WORK INSTRUCTION
What is needed is an exact retyping of the records below, from the first line through the line that contains "直播数据复盘：品牌商家管理升级：单场复盘如何支撑形成改进清单".

START RECORDS PROVIDED

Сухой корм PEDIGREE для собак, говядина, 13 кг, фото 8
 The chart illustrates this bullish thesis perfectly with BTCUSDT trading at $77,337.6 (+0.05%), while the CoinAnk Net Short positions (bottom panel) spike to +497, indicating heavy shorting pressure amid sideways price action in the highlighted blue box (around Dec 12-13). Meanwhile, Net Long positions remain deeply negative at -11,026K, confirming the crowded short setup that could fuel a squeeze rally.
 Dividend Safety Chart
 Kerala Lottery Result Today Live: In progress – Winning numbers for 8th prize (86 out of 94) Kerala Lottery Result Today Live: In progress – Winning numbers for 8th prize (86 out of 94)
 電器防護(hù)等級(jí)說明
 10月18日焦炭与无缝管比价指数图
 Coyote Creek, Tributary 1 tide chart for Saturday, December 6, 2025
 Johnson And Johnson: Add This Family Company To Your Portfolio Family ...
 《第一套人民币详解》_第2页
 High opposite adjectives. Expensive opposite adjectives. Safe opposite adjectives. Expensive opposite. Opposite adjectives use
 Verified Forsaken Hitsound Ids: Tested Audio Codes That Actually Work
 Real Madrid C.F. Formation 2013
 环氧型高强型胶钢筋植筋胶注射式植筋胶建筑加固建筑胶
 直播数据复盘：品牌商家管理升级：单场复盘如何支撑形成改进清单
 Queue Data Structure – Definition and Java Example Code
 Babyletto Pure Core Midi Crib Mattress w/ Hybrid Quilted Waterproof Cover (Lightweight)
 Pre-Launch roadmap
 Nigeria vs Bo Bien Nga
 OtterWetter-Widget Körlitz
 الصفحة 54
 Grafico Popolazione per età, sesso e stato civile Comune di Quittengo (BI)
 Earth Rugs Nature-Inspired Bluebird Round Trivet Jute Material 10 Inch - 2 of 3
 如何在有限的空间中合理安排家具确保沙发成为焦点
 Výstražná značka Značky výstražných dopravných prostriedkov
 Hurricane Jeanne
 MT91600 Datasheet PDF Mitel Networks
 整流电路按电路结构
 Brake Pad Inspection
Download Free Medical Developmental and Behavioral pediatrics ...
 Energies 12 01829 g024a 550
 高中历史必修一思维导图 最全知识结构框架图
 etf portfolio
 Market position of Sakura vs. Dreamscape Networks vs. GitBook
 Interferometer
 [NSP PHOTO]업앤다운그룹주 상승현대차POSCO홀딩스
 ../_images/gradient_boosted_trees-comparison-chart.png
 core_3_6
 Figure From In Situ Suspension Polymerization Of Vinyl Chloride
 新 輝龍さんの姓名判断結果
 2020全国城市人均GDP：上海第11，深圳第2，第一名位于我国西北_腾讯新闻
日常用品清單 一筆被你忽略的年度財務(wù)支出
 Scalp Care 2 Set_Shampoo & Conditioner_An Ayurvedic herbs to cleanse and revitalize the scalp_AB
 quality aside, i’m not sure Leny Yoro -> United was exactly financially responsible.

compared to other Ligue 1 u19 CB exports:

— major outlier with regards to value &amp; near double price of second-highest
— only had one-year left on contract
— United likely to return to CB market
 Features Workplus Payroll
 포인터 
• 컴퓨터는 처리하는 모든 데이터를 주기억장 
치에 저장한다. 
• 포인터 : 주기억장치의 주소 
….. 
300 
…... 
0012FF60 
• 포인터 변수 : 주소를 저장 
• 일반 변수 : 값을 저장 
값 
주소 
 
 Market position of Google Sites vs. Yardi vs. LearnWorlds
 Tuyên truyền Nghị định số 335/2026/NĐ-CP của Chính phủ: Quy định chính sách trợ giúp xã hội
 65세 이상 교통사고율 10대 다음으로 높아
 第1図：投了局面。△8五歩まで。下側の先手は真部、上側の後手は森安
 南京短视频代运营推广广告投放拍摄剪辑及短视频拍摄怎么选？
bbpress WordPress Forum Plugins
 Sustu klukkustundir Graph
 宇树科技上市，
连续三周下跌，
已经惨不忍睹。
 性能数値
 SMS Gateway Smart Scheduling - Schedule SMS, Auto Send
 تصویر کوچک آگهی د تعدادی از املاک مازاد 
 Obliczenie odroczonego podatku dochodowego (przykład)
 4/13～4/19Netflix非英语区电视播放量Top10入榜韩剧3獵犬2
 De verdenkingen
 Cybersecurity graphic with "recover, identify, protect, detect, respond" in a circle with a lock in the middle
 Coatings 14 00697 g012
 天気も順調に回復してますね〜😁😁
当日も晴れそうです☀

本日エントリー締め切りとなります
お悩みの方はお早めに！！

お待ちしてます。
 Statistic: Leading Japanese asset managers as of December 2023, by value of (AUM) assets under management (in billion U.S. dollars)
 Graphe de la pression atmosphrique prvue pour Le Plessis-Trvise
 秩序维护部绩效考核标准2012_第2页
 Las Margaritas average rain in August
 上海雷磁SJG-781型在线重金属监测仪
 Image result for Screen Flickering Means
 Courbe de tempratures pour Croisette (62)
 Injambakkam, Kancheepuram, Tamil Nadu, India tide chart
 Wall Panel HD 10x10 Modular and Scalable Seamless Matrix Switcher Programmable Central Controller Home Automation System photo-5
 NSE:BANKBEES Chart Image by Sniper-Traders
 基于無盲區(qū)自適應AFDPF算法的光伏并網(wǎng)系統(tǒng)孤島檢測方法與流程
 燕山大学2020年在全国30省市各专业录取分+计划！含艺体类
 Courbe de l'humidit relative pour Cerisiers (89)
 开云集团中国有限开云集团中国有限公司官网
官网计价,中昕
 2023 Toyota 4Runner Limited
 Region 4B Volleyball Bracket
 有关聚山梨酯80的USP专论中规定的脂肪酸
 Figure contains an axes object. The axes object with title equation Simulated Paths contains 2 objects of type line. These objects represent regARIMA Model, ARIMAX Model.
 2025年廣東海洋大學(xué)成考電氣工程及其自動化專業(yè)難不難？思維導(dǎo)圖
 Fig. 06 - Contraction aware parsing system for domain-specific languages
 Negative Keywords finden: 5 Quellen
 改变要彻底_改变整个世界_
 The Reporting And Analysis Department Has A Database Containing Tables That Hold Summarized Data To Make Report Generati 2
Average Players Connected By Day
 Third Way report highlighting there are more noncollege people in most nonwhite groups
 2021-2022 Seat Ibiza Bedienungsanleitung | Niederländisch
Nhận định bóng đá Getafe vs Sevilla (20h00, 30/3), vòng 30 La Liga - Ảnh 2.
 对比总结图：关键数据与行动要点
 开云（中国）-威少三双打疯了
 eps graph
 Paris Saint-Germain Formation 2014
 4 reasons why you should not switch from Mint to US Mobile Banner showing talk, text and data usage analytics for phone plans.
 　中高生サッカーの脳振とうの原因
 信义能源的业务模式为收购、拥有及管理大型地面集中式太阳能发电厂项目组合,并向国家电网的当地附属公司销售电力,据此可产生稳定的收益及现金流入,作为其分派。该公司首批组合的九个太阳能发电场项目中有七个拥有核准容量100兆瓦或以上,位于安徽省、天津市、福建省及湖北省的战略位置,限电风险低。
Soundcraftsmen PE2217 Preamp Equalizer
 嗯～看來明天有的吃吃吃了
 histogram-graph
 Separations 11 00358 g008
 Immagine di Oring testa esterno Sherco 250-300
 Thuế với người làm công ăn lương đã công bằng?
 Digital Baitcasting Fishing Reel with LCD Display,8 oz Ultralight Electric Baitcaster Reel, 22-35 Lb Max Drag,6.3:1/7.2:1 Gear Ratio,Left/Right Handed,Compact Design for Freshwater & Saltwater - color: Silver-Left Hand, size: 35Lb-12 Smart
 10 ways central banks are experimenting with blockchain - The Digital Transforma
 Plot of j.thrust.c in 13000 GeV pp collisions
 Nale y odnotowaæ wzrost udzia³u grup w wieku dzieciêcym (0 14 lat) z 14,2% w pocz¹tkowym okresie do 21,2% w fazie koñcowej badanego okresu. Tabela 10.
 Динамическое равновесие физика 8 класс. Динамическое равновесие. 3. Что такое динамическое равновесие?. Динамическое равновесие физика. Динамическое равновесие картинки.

END RECORDS PROVIDED

RESPONSE BOX
Сухой корм PEDIGREE для собак, говядина, 13 кг, фото 8
 The chart illustrates this bullish thesis perfectly with BTCUSDT trading at $77,337.6 (+0.05%), while the CoinAnk Net Short positions (bottom panel) spike to +497, indicating heavy shorting pressure amid sideways price action in the highlighted blue box (around Dec 12-13). Meanwhile, Net Long positions remain deeply negative at -11,026K, confirming the crowded short setup that could fuel a squeeze rally.
 Dividend Safety Chart
 Kerala Lottery Result Today Live: In progress – Winning numbers for 8th prize (86 out of 94) Kerala Lottery Result Today Live: In progress – Winning numbers for 8th prize (86 out of 94)
 電器防護(hù)等級(jí)說明
 10月18日焦炭与无缝管比价指数图
 Coyote Creek, Tributary 1 tide chart for Saturday, December 6, 2025
 Johnson And Johnson: Add This Family Company To Your Portfolio Family ...
 《第一套人民币详解》_第2页
 High opposite adjectives. Expensive opposite adjectives. Safe opposite adjectives. Expensive opposite. Opposite adjectives use
 Verified Forsaken Hitsound Ids: Tested Audio Codes That Actually Work
 Real Madrid C.F. Formation 2013
 环氧型高强型胶钢筋植筋胶注射式植筋胶建筑加固建筑胶
 直播数据复盘：品牌商家管理升级：单场复盘如何支撑形成改进清单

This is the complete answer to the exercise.